I need a really good strategy for my first stage of prototyping. My level is huge, has many locations. Because it's slow-paced adventure game, player will go from location to location in classic point and click adventure fashion: player click to open the door -> screen goes black -> player is inside the bathroom. So, there is transition between locations.

With that in mind, I don't know how smart idea is to have whole level into one GM room? I think that parts of the level should load the moment when player decide to go there. When player leaves the place, that part should unload from memory. Or there is better approach to this, I don't know.

If I place whole level into one GM room, probably It will be easy for me to code and "see" things, but I don't know what's going to happen with the memory resources.


Do you have any advice or strategy how to make things right in this process?
 

rIKmAN

Member
Hi guys,

I need a really good strategy for my first stage of prototyping. My level is huge, has many locations. Because it's slow-paced adventure game, player will go from location to location in classic point and click adventure fashion: player click to open the door -> screen goes black -> player is inside the bathroom. So, there is transition between locations.

With that in mind, I don't know how smart idea is to have whole level into one GM room? I think that parts of the level should load the moment when player decide to go there. When player leaves the place, that part should unload from memory. Or there is better approach to this, I don't know.

If I place whole level into one GM room, probably It will be easy for me to code and "see" things, but I don't know what's going to happen with the memory resources.

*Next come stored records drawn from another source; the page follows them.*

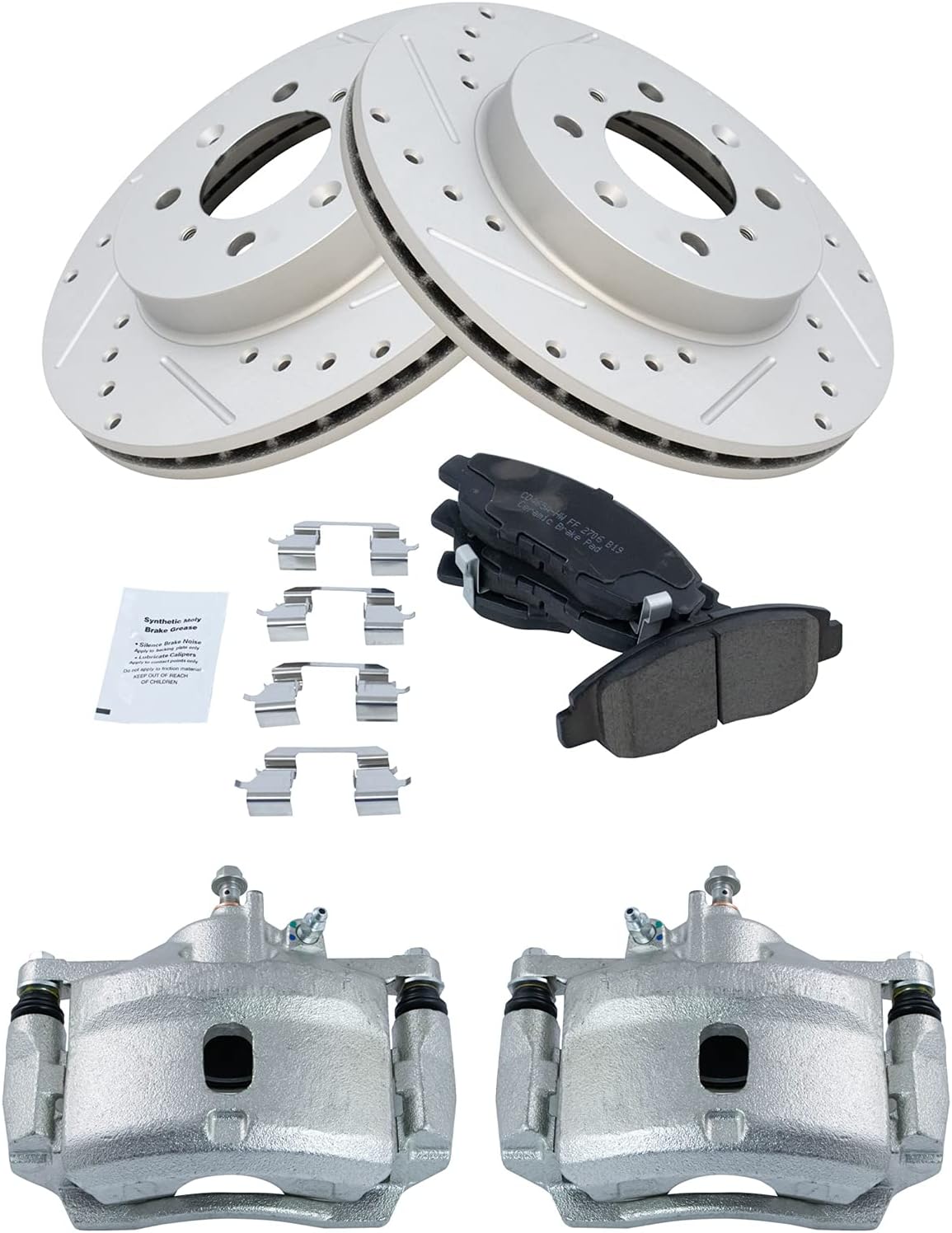 TRQ Performance Front Brake Pad and Rotor Set Ceramic Coated Drilled Slotted Vented Rotors Calipers Compatible with 1996-2005 Honda Civic 2010-2014 Insight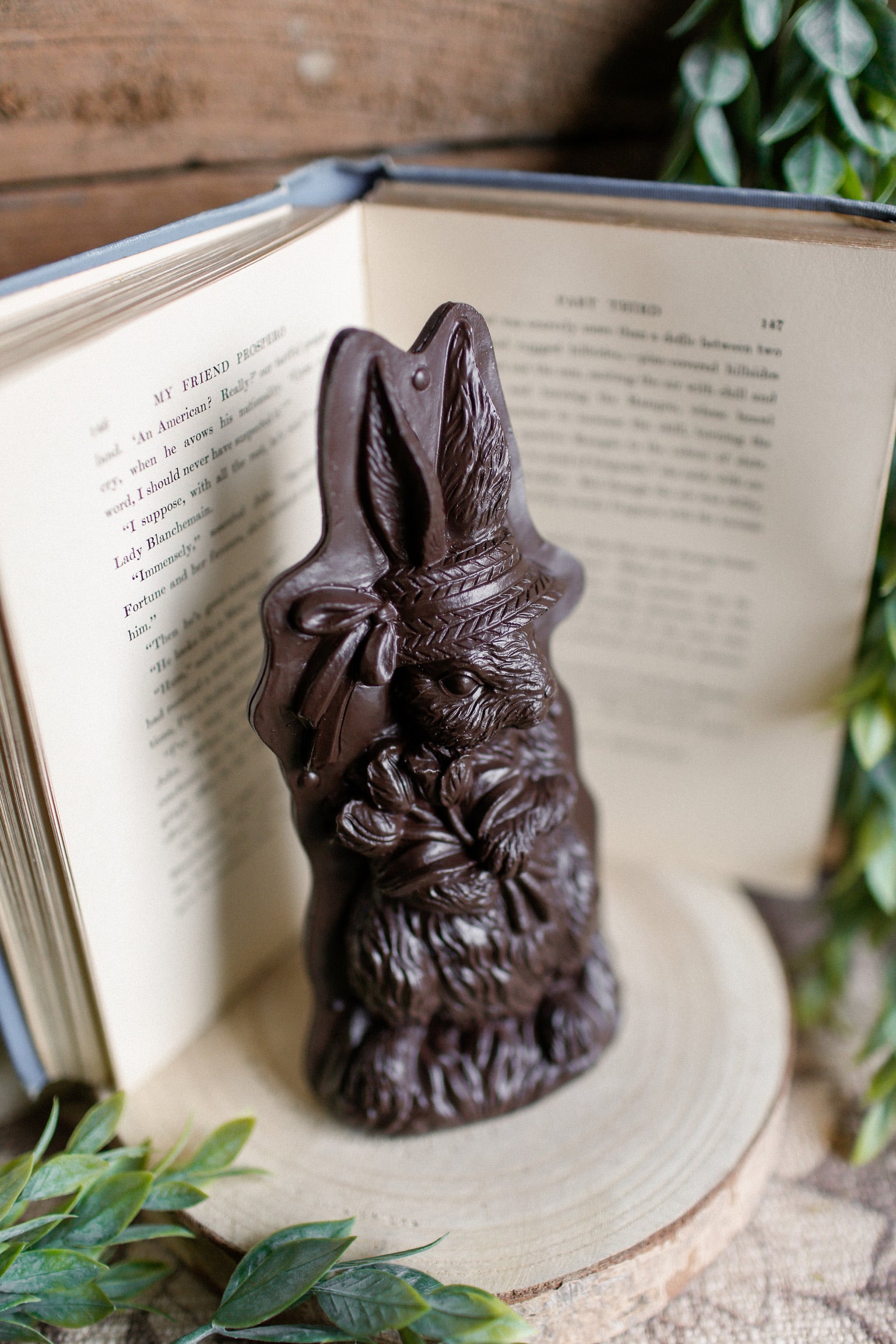 Chocolate Easter Bunny With Hat The Little Burlap Barn®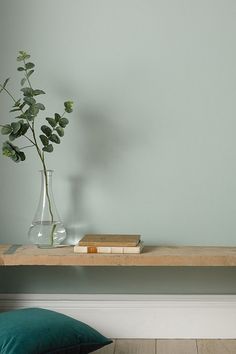 a vase filled with green leaves sitting on top of a wooden shelf next to a pillow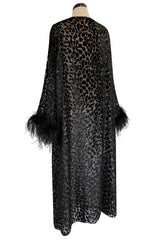 Gorgeous 1990s Valentino Intimo Black Metallic Voided Velvet Feather Cuff Caftan Dress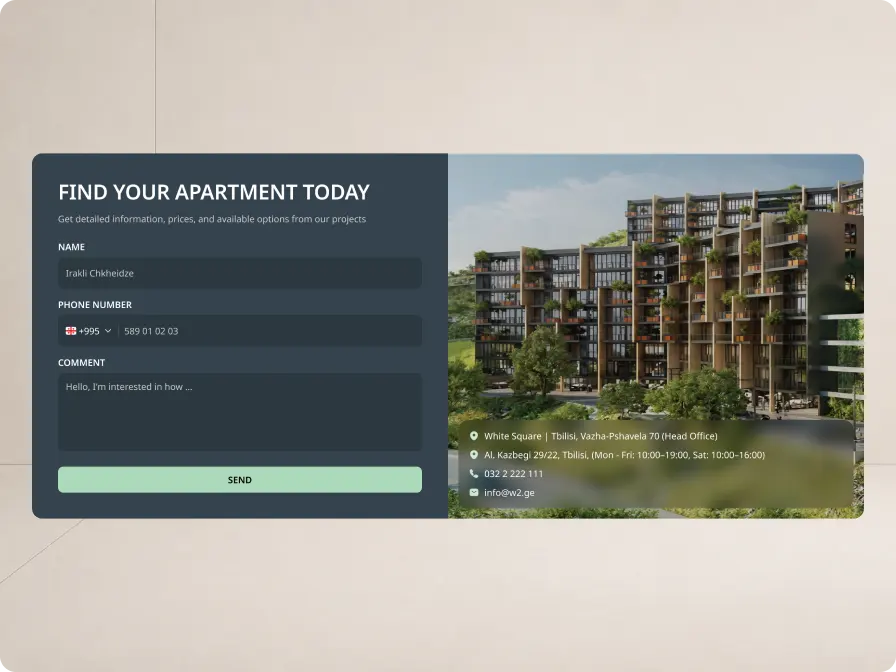 White Square apartment enquiry form with development contact details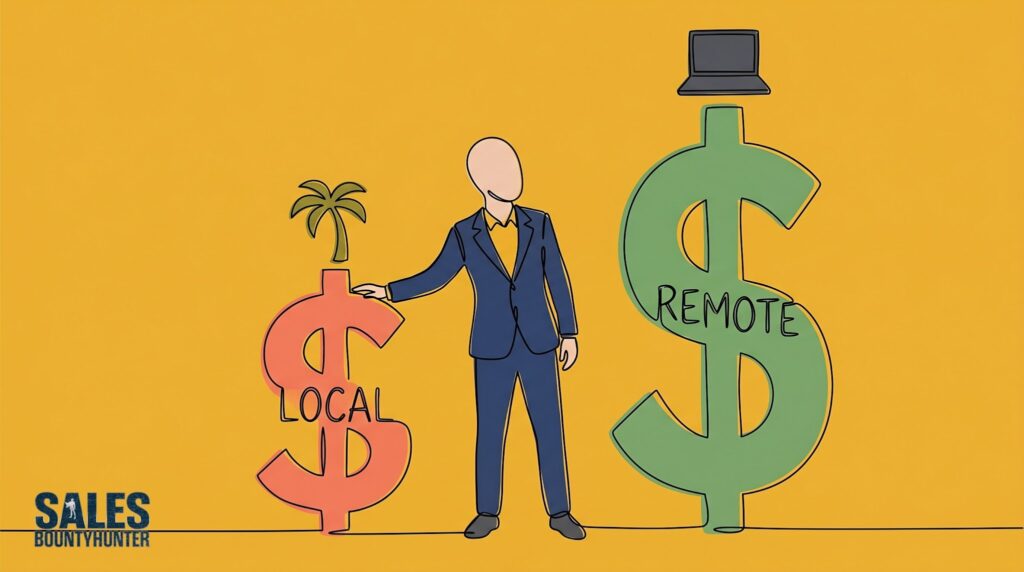An illustration comparing local and remote work. A businessman in a blue suit stands between a smaller orange dollar sign labeled 'LOCAL' with a palm tree on top, and a significantly larger green dollar sign labeled 'REMOTE' with a laptop on top. The 'Sales Bounty Hunter' logo is in the bottom left corner.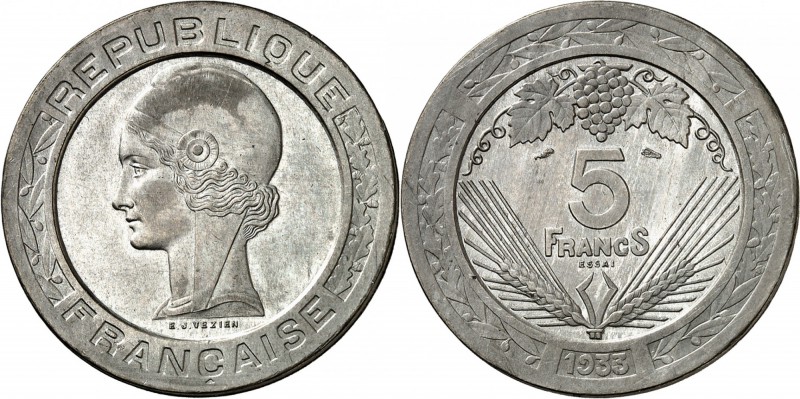 FRANCE
III° République (1870-1940). 5 francs 1933, concours de Vezien, étain.
...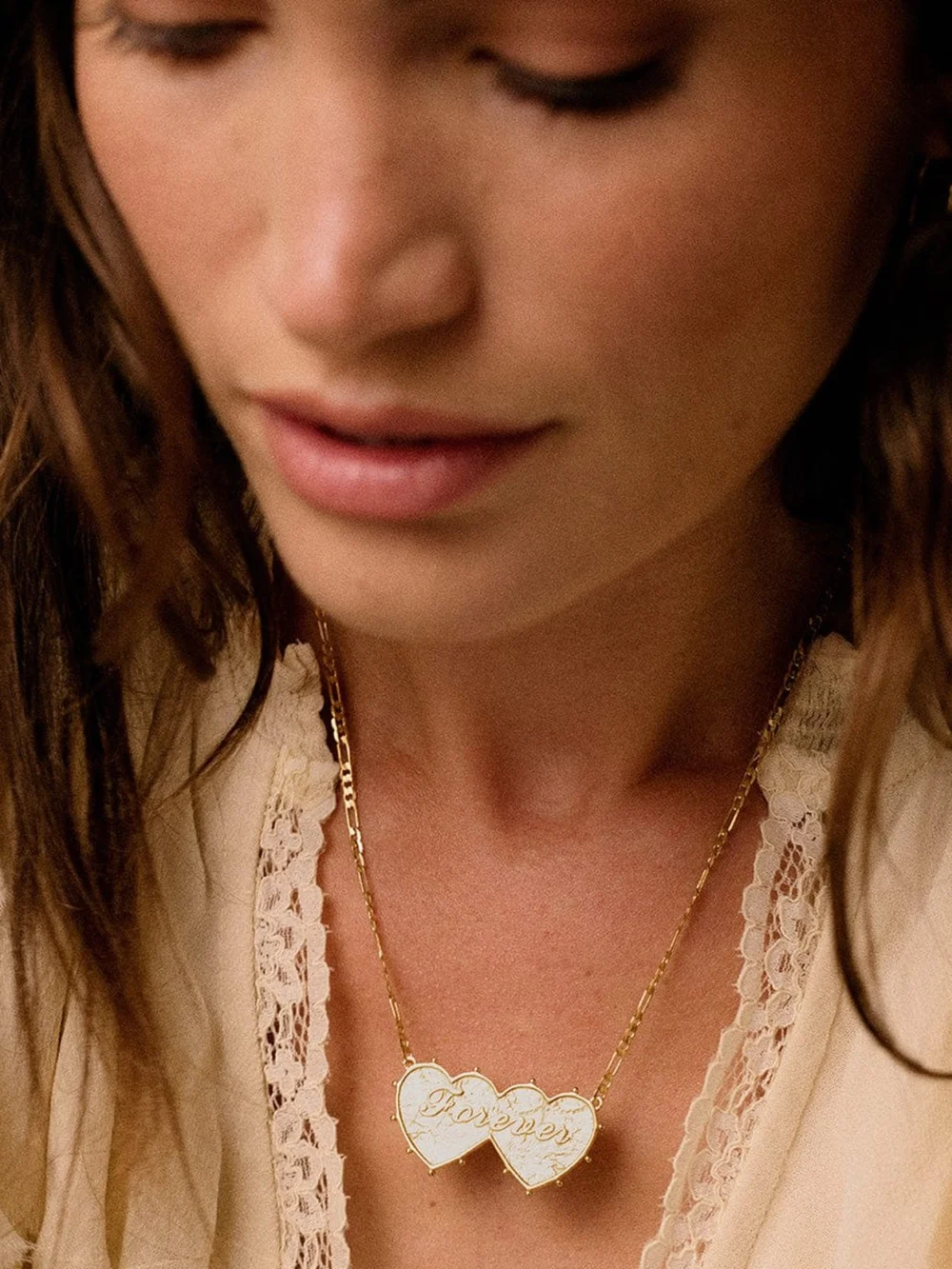 Daisy London Shrimps 'Forever' Double Heart Necklace 18ct Gold Plate, view 5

Do you have any advice or strategy how to make things right in this process?
Is there a reason you want to do it all in one huge room?

I would have each location as a separate room, you already have transitions between locations as a natural part of the game flow due to it being a point and click adventure game, so it wouldn't be jarring at all.

You could "group" connected locations together (ie. house, front garden, back garden, basement) in a single room and use the camera functions to display the correct area within that big room, but I don't even think that's necessary.

When you leave a room in GMS it is unloaded and and the new room loaded, so separate rooms won't cause you any issues in terms of loading too many rooms, if that's what you are worried about?

Do some planning regarding your variables, game states, object states, puzzle states, dialogue etc and manage your persistence you'll be golden.